I loved this relatively simple salad of glazed beets, avocado, orange chunks, and arugula, with a honey-yogurt dressing.
The flavors worked well together and each mouthful was fresh and crisp.
At one point, we struggled to fit everything on the table.
With drinks, water glasses, cutlery, and menus, our bar-area table was quite full even before the food arrived.
Maybe if the service wasn't so good, with food coming out fast, fresh, and efficiently, there would be more time for us to finish each dish as it arrived.
These high bar tables are definitely designed more for drinks and an appetizer or two — not for four people ordering multiple items. We'll keep that in mind for next time.
Narrowing our cheesecake choices down from over 30 options was a challenge.
The chain has an extensive cheesecake menu with over 30 slices. It was hard to decide so we ordered three to share, including the newer Classic Basque Cheesecake. All three arrived at the same time.
The Basque cheesecake's combination of a "burnt" top, creamy cake, base, berries, and coulis was spectacular. Each mouthful was a flavor explosion.
Unsurprisingly, I can confirm that The Cheesecake Factory makes outstanding cheesecake.
The Dulce de Leche Caramel Cheesecake was remarkable.
At CA$14, this dulce-de-leche slice was the cheapest of the three we ordered — the others were CA$14.50. I think it's a substantial amount to spend on a piece of cake, but I don't regret spending a cent.
This caramel creation topped with caramel mousse and scatters of almond "brickle" was a marvel. Even the base was subtly flavored with vanilla.
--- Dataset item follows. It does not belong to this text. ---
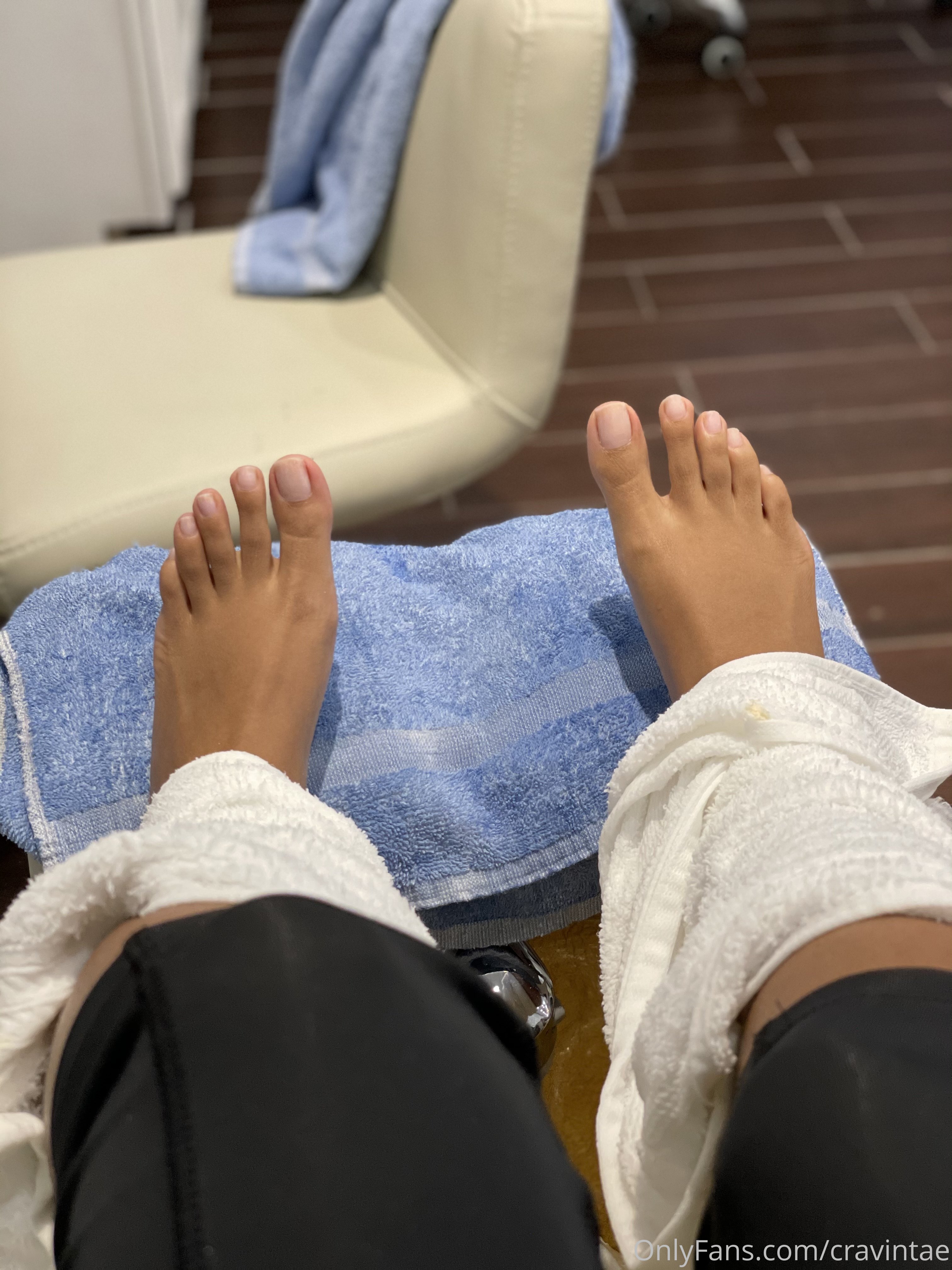 cravintae feet photo 5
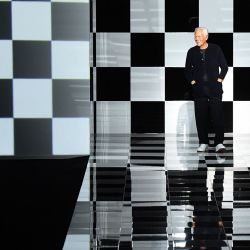 El diseñador de moda italiano Giorgio Armani camina al final de la colección Emporio Armani's Women Otoño/Invierno 2022-2023 en el marco de la Semana de la Moda de Milán. | Foto:Tiziana Fabi / AFP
This was the best cheesecake I have ever consumed. My only regret was having to share with the others.
The Cheesecake Factory also has gluten-free cheesecakes available to order.
I was impressed the chain had a gluten-free cheesecake that could be ordered with or without strawberries and cream. We tried the gluten-free cheesecake with strawberries and I was delighted by how creamy and delicious it was.
If my life hadn't been entirely upended by my encounter with the dulce-de-leche version just minutes earlier, this would've been a definite contender for my favorite cheesecake ever. It really was that good.
I'll be back for the cheesecake and the spinach dip.
My dining companions and I all agreed that the cheesecake was the best part of the whole experience. I wasn't surprised the cheesecake was so good, but it was even better than I expected. Half the table liked the Basque version best. I and my partner's mom loved the dulce de leche.
Overall, I think The Cheesecake Factory is a perfect place to collapse in after a long day of shopping or before or after a movie at the mall's Cineplex.
The happy-hour deals were solid and, based on the generous entree portions I saw, it seems like a brilliant place to take home leftovers. A lot of main dishes seemed to have enough food for dinner and a next-day lunch.
I'll definitely be back to try the chicken-laden salads, get more delicious spinach dip, and devour another slice of the Dulce de Leche Caramel Cheesecake. This time, though, I'm keeping the entire slice to myself.